_EXERCISE PROMPT_
The lines from the start of the data through the line containing "Отель Rishikesh Grand Экстерьер фото" are to be reproduced exactly, both ends included.

==== DATA EXTRACT ====

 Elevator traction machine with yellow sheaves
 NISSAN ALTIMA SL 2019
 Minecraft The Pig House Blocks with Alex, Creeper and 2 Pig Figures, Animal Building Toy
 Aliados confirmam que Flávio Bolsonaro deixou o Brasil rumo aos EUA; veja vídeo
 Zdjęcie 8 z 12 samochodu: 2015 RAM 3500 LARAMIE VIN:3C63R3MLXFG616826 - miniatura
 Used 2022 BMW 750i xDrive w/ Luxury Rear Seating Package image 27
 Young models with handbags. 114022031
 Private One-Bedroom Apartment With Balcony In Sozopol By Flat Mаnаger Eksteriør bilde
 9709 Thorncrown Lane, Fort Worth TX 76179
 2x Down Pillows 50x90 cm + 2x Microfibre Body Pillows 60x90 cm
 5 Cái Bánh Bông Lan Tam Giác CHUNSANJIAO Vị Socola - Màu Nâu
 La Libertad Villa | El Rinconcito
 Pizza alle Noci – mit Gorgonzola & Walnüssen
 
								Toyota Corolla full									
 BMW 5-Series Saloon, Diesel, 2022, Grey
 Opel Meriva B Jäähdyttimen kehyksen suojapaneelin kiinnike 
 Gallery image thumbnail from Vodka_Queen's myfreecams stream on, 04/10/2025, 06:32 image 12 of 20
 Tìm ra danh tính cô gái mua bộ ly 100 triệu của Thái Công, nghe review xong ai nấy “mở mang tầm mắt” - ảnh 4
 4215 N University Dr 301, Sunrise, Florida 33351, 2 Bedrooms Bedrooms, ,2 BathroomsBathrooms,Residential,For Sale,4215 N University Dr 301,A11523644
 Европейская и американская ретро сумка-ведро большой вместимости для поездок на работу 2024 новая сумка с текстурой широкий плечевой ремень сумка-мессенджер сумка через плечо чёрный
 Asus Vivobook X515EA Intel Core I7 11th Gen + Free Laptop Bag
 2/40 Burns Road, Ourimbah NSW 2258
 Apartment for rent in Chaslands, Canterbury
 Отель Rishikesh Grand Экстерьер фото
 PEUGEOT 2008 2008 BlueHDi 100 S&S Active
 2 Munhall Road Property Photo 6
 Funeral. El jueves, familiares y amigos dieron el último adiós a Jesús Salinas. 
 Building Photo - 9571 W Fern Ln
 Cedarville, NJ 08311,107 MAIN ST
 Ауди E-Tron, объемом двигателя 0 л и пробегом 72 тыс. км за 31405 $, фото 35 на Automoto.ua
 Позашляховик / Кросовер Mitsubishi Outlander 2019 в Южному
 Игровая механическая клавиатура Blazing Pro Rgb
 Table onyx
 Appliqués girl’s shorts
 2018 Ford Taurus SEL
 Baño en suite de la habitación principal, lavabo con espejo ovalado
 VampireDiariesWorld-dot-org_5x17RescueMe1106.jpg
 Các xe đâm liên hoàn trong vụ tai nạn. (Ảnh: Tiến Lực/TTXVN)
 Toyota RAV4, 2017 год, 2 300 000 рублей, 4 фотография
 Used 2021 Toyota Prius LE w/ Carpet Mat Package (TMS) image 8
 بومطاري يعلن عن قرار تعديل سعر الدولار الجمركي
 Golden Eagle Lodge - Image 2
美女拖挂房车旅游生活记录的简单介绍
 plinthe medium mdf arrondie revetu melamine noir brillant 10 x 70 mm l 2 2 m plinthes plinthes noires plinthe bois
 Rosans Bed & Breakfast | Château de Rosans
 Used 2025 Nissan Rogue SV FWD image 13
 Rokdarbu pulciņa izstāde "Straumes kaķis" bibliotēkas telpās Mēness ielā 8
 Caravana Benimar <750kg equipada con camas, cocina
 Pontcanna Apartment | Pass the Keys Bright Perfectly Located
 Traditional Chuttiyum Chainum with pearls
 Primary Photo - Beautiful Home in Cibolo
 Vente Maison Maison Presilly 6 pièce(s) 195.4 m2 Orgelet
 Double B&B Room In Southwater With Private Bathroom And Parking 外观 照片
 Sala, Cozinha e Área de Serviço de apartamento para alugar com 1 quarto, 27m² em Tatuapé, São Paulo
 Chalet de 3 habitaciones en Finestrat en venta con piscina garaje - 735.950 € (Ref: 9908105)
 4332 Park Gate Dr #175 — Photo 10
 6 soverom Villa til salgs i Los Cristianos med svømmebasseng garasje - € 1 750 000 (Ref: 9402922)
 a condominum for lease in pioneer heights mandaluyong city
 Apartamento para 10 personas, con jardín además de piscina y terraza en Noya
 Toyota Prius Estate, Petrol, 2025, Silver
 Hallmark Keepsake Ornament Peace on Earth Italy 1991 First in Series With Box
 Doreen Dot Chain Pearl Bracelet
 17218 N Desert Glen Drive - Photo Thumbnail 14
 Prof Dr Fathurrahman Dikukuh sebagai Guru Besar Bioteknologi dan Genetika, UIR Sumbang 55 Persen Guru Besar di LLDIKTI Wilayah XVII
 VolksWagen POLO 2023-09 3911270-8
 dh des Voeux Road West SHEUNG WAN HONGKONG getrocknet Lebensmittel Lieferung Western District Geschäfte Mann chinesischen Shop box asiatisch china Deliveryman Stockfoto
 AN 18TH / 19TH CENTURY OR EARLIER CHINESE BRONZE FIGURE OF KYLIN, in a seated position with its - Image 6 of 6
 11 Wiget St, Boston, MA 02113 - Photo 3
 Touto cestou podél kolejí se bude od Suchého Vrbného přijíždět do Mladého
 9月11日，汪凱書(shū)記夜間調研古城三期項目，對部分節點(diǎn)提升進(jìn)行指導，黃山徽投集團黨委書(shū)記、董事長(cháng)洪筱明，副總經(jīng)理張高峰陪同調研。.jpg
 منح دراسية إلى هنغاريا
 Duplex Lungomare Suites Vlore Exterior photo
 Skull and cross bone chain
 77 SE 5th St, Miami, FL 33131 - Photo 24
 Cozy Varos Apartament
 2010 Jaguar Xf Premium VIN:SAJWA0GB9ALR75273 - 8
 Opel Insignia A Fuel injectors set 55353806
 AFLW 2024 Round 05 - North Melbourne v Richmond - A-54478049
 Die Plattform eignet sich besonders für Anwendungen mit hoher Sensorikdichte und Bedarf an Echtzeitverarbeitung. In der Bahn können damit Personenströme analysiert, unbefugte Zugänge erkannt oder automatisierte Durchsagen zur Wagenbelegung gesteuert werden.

====

_SOLUTION_
 Elevator traction machine with yellow sheaves
 NISSAN ALTIMA SL 2019
 Minecraft The Pig House Blocks with Alex, Creeper and 2 Pig Figures, Animal Building Toy
 Aliados confirmam que Flávio Bolsonaro deixou o Brasil rumo aos EUA; veja vídeo
 Zdjęcie 8 z 12 samochodu: 2015 RAM 3500 LARAMIE VIN:3C63R3MLXFG616826 - miniatura
 Used 2022 BMW 750i xDrive w/ Luxury Rear Seating Package image 27
 Young models with handbags. 114022031
 Private One-Bedroom Apartment With Balcony In Sozopol By Flat Mаnаger Eksteriør bilde
 9709 Thorncrown Lane, Fort Worth TX 76179
 2x Down Pillows 50x90 cm + 2x Microfibre Body Pillows 60x90 cm
 5 Cái Bánh Bông Lan Tam Giác CHUNSANJIAO Vị Socola - Màu Nâu
 La Libertad Villa | El Rinconcito
 Pizza alle Noci – mit Gorgonzola & Walnüssen
 
								Toyota Corolla full									
 BMW 5-Series Saloon, Diesel, 2022, Grey
 Opel Meriva B Jäähdyttimen kehyksen suojapaneelin kiinnike 
 Gallery image thumbnail from Vodka_Queen's myfreecams stream on, 04/10/2025, 06:32 image 12 of 20
 Tìm ra danh tính cô gái mua bộ ly 100 triệu của Thái Công, nghe review xong ai nấy “mở mang tầm mắt” - ảnh 4
 4215 N University Dr 301, Sunrise, Florida 33351, 2 Bedrooms Bedrooms, ,2 BathroomsBathrooms,Residential,For Sale,4215 N University Dr 301,A11523644
 Европейская и американская ретро сумка-ведро большой вместимости для поездок на работу 2024 новая сумка с текстурой широкий плечевой ремень сумка-мессенджер сумка через плечо чёрный
 Asus Vivobook X515EA Intel Core I7 11th Gen + Free Laptop Bag
 2/40 Burns Road, Ourimbah NSW 2258
 Apartment for rent in Chaslands, Canterbury
 Отель Rishikesh Grand Экстерьер фото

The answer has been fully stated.